I have been working with pandas to analyze and perform some lengthy operations on a dataset through defined functions (for convenience and also since I use the same functions in operations not involving pandas). I am trying to perform some operations based on which number is larger, using if and else statements.
I have not been able to find a workaround in other answers.

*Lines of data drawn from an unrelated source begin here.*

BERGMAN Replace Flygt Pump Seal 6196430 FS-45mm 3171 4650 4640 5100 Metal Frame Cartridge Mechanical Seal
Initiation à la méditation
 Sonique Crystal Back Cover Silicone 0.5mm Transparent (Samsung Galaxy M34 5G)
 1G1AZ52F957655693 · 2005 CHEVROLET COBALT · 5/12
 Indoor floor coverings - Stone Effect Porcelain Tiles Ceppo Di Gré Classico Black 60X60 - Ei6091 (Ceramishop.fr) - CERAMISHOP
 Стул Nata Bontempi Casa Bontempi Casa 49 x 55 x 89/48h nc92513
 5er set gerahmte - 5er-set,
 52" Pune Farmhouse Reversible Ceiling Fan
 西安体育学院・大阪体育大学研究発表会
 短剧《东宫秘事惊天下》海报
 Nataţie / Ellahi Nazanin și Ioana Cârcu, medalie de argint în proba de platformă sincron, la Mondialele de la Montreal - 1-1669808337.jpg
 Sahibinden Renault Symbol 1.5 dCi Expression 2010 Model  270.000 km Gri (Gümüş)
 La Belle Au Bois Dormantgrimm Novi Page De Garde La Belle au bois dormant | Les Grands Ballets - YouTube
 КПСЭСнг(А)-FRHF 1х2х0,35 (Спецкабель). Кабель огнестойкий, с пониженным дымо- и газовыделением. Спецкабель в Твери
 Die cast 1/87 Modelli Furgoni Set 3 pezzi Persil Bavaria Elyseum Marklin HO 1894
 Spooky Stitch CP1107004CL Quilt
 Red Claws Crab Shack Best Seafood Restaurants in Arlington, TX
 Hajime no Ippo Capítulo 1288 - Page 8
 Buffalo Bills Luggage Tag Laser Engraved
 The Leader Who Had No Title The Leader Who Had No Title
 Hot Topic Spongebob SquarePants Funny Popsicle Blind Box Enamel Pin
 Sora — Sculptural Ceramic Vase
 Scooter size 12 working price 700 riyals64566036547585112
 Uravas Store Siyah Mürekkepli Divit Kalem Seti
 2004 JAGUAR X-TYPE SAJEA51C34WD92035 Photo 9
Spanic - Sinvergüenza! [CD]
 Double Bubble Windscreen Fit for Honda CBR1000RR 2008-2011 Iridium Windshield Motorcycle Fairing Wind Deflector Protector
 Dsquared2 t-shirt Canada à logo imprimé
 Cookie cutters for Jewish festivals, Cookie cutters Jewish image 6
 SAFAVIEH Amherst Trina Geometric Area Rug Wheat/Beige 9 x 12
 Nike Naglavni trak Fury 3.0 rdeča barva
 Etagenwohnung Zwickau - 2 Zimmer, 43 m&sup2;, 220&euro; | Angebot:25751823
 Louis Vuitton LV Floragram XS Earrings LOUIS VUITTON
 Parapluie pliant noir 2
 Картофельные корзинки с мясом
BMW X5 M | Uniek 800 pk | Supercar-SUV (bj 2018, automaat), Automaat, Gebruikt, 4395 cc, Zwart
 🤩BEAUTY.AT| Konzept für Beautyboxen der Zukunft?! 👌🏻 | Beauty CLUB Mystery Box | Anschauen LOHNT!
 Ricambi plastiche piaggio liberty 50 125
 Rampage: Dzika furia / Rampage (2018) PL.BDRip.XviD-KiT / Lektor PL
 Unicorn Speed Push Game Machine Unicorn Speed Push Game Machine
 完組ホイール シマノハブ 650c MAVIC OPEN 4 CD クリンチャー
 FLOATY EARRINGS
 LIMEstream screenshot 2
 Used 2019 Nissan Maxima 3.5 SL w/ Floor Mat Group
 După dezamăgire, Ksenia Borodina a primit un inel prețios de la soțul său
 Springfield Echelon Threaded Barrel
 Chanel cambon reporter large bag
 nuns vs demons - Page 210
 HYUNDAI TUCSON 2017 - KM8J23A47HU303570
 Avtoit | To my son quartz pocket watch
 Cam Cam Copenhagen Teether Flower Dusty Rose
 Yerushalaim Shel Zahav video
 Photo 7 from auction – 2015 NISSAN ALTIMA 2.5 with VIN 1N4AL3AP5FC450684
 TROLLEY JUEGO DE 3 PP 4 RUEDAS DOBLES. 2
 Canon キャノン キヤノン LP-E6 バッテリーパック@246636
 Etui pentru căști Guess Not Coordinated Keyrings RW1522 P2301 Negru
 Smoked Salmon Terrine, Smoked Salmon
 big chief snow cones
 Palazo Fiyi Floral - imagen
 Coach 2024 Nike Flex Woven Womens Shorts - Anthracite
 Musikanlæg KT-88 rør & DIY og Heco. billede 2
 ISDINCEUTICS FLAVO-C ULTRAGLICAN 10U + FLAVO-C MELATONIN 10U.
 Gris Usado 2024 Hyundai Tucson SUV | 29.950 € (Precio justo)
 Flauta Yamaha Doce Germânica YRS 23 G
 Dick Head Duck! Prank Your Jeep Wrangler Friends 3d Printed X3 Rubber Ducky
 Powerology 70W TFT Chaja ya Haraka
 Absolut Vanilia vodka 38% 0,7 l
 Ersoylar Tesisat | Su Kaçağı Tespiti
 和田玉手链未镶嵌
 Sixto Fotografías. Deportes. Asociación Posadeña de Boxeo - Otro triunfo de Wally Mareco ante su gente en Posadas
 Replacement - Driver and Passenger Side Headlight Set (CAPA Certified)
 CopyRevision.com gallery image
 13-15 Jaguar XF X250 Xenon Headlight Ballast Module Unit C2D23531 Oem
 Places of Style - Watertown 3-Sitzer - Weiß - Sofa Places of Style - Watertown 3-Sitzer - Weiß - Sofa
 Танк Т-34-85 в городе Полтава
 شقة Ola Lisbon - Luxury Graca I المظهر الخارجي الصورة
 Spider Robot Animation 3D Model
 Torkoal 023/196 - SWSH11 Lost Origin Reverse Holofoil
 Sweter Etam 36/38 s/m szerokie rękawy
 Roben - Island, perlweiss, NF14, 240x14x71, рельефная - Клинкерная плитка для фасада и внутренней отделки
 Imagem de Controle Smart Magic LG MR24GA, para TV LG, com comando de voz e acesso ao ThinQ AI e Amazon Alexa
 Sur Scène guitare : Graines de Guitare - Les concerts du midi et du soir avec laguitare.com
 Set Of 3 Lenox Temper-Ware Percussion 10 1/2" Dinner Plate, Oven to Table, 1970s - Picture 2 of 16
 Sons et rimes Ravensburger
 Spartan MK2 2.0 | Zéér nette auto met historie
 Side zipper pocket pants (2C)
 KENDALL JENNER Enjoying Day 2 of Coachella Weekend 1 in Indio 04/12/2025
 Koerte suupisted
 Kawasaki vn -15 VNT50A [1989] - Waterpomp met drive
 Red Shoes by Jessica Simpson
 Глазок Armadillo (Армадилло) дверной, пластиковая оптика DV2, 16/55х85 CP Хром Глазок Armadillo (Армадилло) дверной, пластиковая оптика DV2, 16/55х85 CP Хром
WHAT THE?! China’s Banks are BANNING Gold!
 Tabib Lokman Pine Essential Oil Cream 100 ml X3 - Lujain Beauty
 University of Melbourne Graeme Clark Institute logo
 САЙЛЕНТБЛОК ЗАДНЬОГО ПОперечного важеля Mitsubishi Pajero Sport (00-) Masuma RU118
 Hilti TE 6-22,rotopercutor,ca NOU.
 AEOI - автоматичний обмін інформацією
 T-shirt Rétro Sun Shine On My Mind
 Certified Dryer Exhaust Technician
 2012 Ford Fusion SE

Here is a short simplified example of what sort of logical operations I am trying to perform:
import pandas as pd
df = pd.DataFrame({"A": [177,166,155,125,146,149,192,160,111,85],
"B": [26.2,27,26.8,23.4,23.3,17.5,26.4,25.7,18.9,15.8],
"C": [9.2,99.1,29.3,8.6,8,7.2,10,39.4,47.25,4.5,]})
x = 'A'
y = 'B'
z = 'C'
def test(a,b,c):
h = a*b/c
return h
df['D'] = test(df[x],df[y],df[z])
Functions have been working out for me so far like that:
print(df['D'])
0 504.065217
1 45.227043
2 141.774744
3 340.116279
4 425.225000
5 362.152778
6 506.880000
7 104.365482
8 44.400000
9 298.444444
Name: D, dtype: float64
I am looking to get such operations working:
def test2(a,b,c):
if a > b:
return a*c
else:
return b*c
df['E'] = test2(df[x],df[y],df[z])
print(df['E'])
I am getting the obvious error:
ValueError: The truth value of a Series is ambiguous. Use a.empty, a.bool(), a.item(), a.any() or a.all().